Exercise brief: From the line that holds "Clearwater Keno Lounge map" down to the last line of the listing below, transcribe exactly and only those lines. Leave pictures out.
○ ○ ○
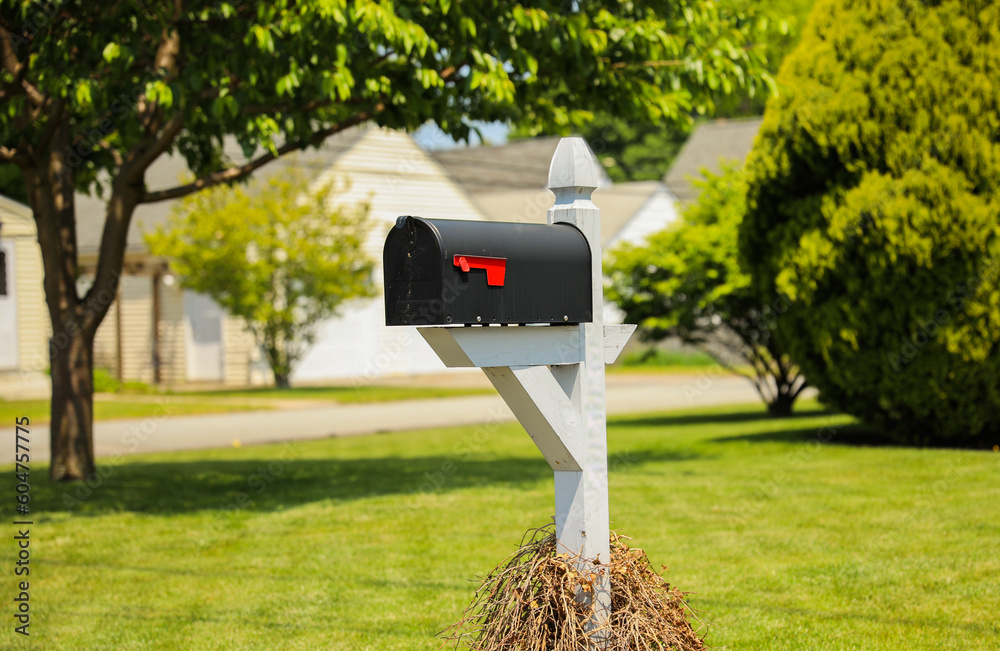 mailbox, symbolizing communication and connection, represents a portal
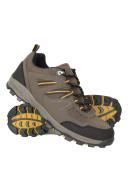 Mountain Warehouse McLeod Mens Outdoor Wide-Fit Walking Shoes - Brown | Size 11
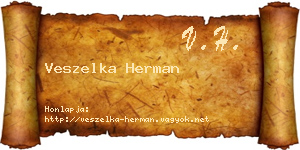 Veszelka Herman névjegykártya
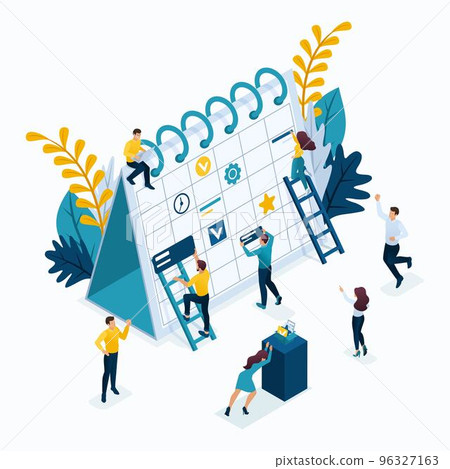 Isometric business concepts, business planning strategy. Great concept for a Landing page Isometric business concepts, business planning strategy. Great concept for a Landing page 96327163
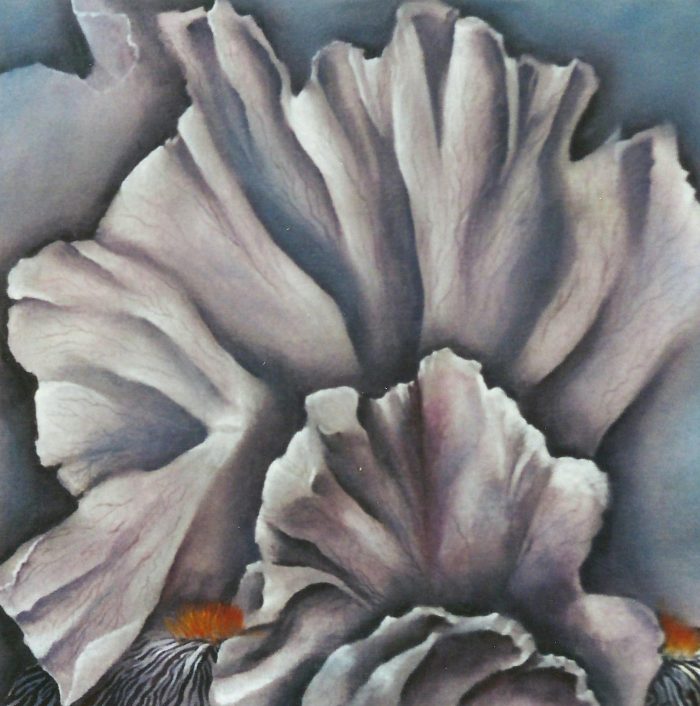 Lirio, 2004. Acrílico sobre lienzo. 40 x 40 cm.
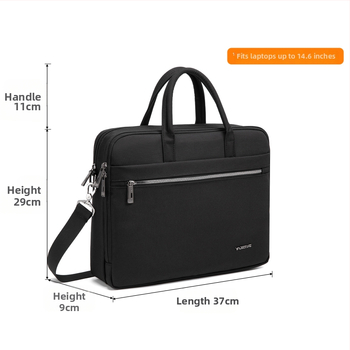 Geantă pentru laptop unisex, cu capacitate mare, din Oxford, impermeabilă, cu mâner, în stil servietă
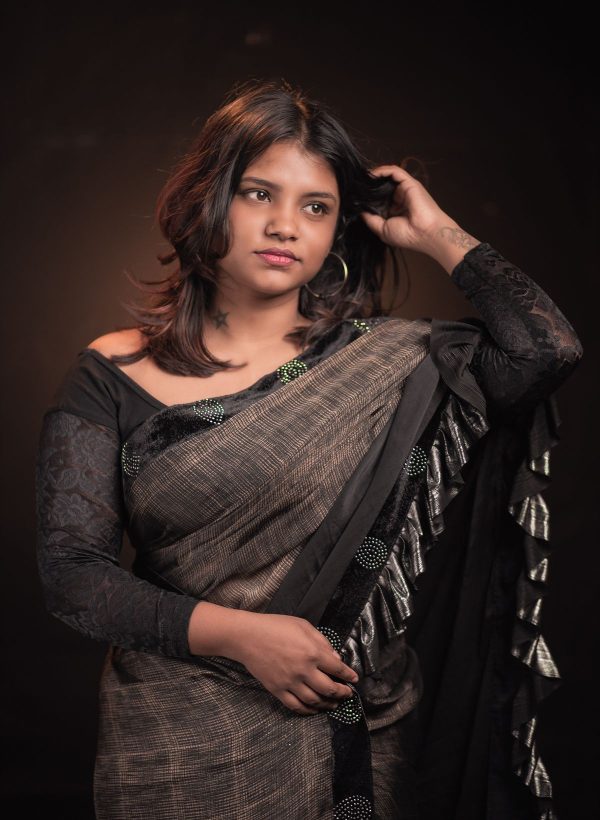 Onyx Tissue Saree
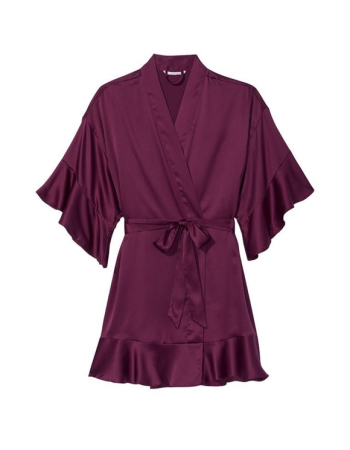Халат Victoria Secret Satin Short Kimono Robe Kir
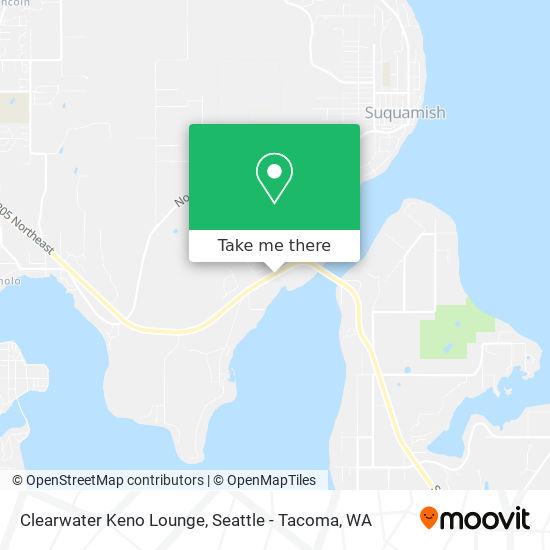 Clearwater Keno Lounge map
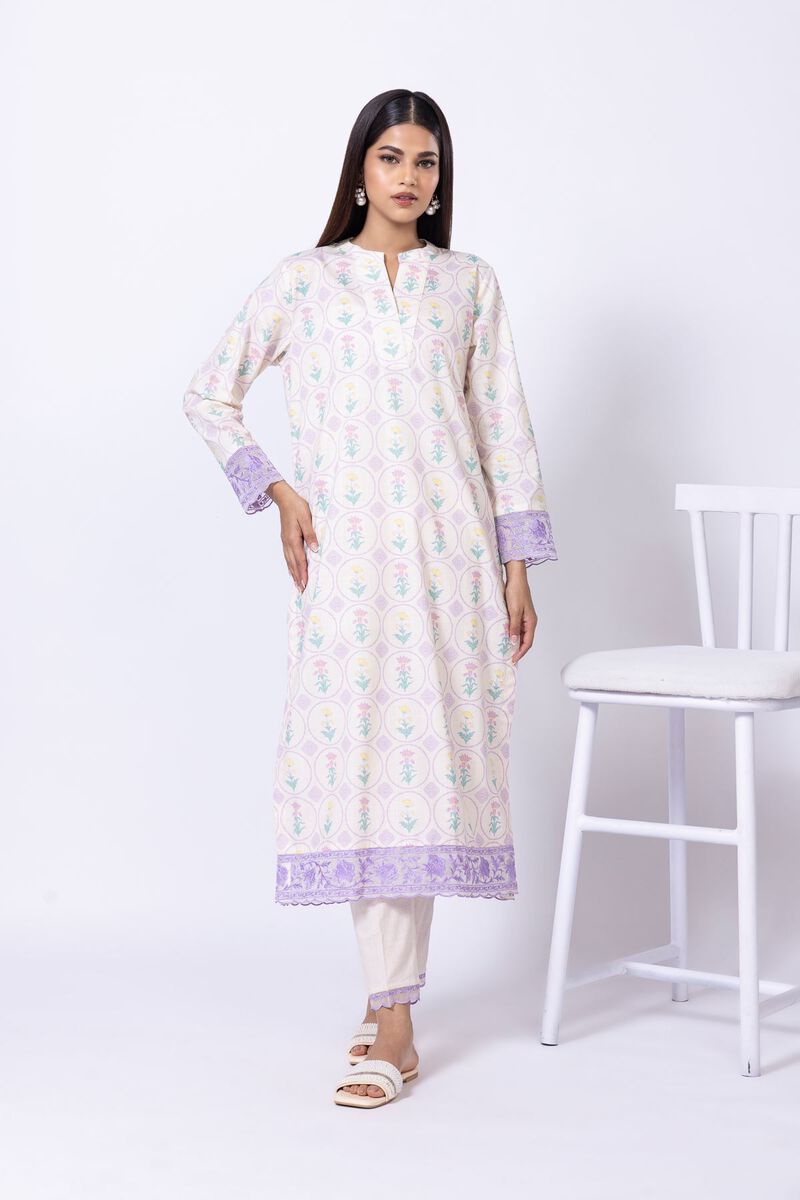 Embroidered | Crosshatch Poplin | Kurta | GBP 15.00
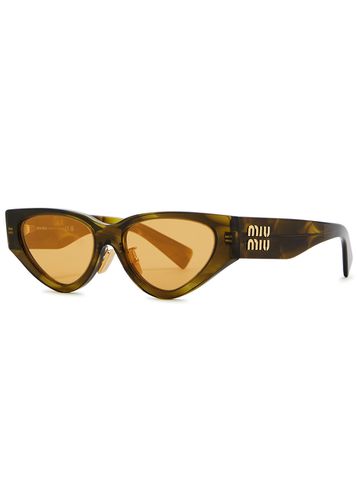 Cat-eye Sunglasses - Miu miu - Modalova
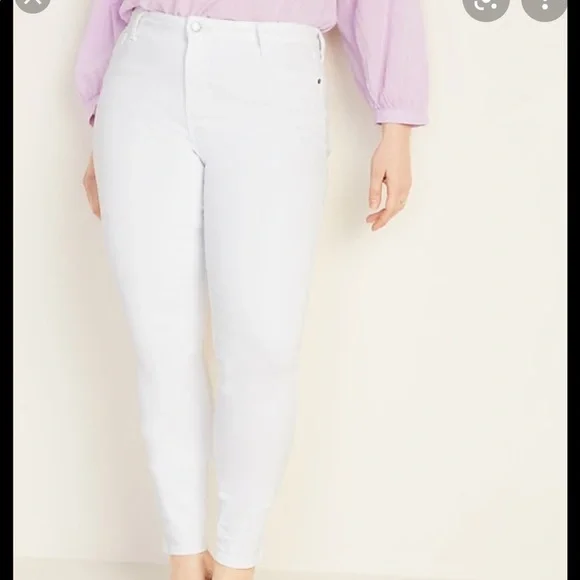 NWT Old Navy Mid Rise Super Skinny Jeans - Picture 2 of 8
○ ○ ○
Result:
 Clearwater Keno Lounge map
 Embroidered | Crosshatch Poplin | Kurta | GBP 15.00
 Cat-eye Sunglasses - Miu miu - Modalova
 NWT Old Navy Mid Rise Super Skinny Jeans - Picture 2 of 8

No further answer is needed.